August 24, 2023 01:51 PM

In Nagy v. BCAA Insurance Corporation 2020 BCCA 270, a decision released this morning, the BCCA reversed a summary trial decision granting judgment to the insured and remanded the case back to the trial list. This case is relevant to anyone looking at coverage for first party losses and in particular where there are issues of material misrepresentation or material change.

Nature of case

The insured made a claim under his homeowner’s policy following a total loss fire. The insurer denied the claim on the basis that the insurance policy was void due to material change in risk, and to misrepresentations and omissions made by the respondents at the time the insurance policy was issued.

Trial Court decision

At a summary trial, the judge found coverage under the policy, concluding in relation to the alleged misrepresentations and omissions that these were omissions that the appellants had failed to demonstrate were fraudulently made.

The Trial-level decision can be found at 2019 BCSC 930.

The insureds made certain misrepresentations and/or omissions in the application form for the BCCA policy including fully reporting all previous losses and in the response to the question “Has any insurer cancelled, declined, refused or imposed any special conditions on habitational insurance for the applicant in the past 10 years?”. The insureds answered “no” when their current insurer, Wawanesa, had refused to renew following a significant fire loss at another property.

Credibility was very much in issue as the insured took the position that they had sent a revised application correcting the material misstatements shortly after the application was complete, although that was never received by the insurer.

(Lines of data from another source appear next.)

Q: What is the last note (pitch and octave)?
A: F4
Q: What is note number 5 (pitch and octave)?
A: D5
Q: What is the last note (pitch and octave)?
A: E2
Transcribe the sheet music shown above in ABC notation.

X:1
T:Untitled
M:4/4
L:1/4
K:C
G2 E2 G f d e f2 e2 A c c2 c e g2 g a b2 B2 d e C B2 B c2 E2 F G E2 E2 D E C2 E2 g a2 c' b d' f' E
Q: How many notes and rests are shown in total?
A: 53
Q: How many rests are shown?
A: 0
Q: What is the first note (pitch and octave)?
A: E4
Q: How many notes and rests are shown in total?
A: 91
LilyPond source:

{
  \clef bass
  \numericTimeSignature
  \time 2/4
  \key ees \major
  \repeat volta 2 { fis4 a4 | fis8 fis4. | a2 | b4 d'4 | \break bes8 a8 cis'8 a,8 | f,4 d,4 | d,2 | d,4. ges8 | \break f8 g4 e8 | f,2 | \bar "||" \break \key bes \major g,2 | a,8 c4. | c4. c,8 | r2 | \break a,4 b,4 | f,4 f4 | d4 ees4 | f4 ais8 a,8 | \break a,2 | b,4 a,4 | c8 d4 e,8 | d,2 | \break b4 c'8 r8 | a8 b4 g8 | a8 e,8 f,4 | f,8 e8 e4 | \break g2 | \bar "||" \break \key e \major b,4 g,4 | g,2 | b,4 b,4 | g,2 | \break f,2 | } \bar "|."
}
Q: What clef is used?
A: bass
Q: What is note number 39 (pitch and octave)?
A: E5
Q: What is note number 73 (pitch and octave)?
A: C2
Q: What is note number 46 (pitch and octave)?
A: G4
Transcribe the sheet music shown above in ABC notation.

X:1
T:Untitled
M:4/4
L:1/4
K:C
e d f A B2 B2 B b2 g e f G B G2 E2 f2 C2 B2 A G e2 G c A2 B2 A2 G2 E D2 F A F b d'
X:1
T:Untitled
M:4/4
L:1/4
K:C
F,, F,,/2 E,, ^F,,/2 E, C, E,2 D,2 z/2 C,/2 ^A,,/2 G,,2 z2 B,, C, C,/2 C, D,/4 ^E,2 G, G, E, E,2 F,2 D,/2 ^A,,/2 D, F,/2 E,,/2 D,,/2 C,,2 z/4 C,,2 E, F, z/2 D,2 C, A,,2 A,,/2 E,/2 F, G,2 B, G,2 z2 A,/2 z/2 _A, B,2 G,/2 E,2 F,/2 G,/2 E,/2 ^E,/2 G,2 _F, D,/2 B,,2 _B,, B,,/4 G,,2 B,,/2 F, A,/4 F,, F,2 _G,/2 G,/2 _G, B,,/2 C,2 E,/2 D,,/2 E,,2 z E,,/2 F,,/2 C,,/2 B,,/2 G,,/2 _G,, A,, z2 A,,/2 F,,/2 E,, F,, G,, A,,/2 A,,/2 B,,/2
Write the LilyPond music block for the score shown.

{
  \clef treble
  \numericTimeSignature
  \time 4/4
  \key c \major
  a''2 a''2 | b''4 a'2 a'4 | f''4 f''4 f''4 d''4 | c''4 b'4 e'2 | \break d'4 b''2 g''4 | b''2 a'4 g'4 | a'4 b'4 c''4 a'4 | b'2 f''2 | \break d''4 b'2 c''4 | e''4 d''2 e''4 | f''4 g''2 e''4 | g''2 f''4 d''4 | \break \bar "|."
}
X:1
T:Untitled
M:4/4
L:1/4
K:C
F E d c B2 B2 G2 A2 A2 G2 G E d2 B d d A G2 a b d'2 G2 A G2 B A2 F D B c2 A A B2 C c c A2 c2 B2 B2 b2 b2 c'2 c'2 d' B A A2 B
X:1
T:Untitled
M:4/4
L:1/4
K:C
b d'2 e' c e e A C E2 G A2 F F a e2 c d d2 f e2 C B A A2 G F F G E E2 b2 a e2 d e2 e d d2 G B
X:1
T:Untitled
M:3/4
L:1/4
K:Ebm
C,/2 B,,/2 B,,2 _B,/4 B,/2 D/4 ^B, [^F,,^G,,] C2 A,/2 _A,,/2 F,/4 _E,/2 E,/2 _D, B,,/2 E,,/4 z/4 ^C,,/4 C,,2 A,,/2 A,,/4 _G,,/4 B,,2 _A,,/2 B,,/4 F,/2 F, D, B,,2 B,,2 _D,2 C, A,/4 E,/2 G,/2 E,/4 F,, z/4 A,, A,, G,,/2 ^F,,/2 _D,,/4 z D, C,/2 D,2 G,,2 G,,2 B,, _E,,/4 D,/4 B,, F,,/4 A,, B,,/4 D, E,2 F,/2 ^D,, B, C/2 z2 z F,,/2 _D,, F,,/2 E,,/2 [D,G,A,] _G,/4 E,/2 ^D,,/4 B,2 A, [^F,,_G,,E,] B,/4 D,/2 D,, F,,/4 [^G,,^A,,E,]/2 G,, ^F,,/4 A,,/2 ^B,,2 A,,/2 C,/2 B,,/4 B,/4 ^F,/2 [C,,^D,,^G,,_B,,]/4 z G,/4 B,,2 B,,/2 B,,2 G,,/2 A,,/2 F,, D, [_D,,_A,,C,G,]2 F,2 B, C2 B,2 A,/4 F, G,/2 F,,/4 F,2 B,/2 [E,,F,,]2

The summary trial judge accepted the evidence of the insured on the basis of the a Browne v Dunn analysis that led her to conclude there was a lack of trial fairness in the manner in which BCAA took the position that Mr. Nagy was not to be believed

(Brown v. Dunn is a House of Lords decision that states in part a conflicting statement must be put to a witness in cross-examination).

As a result, the summary trial judge found that the insurer failed to demonstrate that the insureds’ omissions were fraudulent and as a result the policy was not void.

Issues on Appeal

  1. Do the respondents’ incomplete and inaccurate answers to the questions raised by BCAA in its telephone discussion with Mr. Nagy and on its application form constitute misrepresentations or omissions?
  2. What follows from the standard of review considerations?
  3. Did the judge err in her findings that the insured sent the addendum?
  4. Did the judge erroneously apply Browne v Dunn in weighing the evidence?


The BCCA, decision by Grauer JA (Saunders JA and Bennett JA concurring) found that the judge made a material error and that the summary trial judgment was to be set aside.


The Appellate decision swept aside the issue of whether the omissions were innocent, negligent or fraudulent, noting that there was a statutory obligation to tell the truth on all material matters on an insurance application.

Whether or not the incorrect information was a misrepresentation (incorrect) as opposed to an omission (absent) was of central importance as a material omission would have to be fraudulent to allow the policy to be voided. The court of appeal found that the summary trial judge failed to discuss the distinction between a misrepresentation and an omission, and was led into a palpable error in characterizing the inaccuracies as omissions rather than misrepresentations. Accordingly, her decision was plainly wrong.

The Court of Appeal also noted that the judge was wrong in applying the standard of “heightened scrutiny” to proving that the insureds had committed fraud, noting that the Supreme Court of Canada had specifically ruled that this was not the law in FH v McDougall, 2008 SCC 53. In light of the SCC decision, the Grauer, JA held that “Heightened scrutiny” should now be locked away in the vault of discarded phrases.

Having found that the judge erred in characterizing the statements as omissions and not misrepresentations, the court of appeal found that the decision of the summary trial judge in favour of coverage could not stand; however, the court could not reverse the earlier decision.

The court of appeal found that the summary trial judge, having analyzed the issue as one of whether the insurer had demonstrated fraudulent intent in relation to an omission, the judge did not consider the question of receipt of the addendum in relation to a misrepresentation.

The court of appeal also dealt with the Brown v. Dunn issue noting that the judge found that the case was suitable for determination by summary trial notwithstanding that she recognized that credibility would be a critical factor. Since credibility was critical, the fact that neither party sought to cross-examine on the affidavits militated against a finding that there was an issue with the fairness of the (summary) trial procedure.

As a result, the court found that the errors discredited the result and went to the core of the decision. Accordingly a new trial was ordered.

Practical considerations

  1. Pay attention to the difference between misrepresentations and omissions and the different evidentiary standards;
  2. Read the wording of the statutory conditions carefully;
  3. If credibility is an issue at a summary trial, consider seeking an order for cross-examination on the affidavits; and,
  4. Remember, the insurer will need to prove materiality.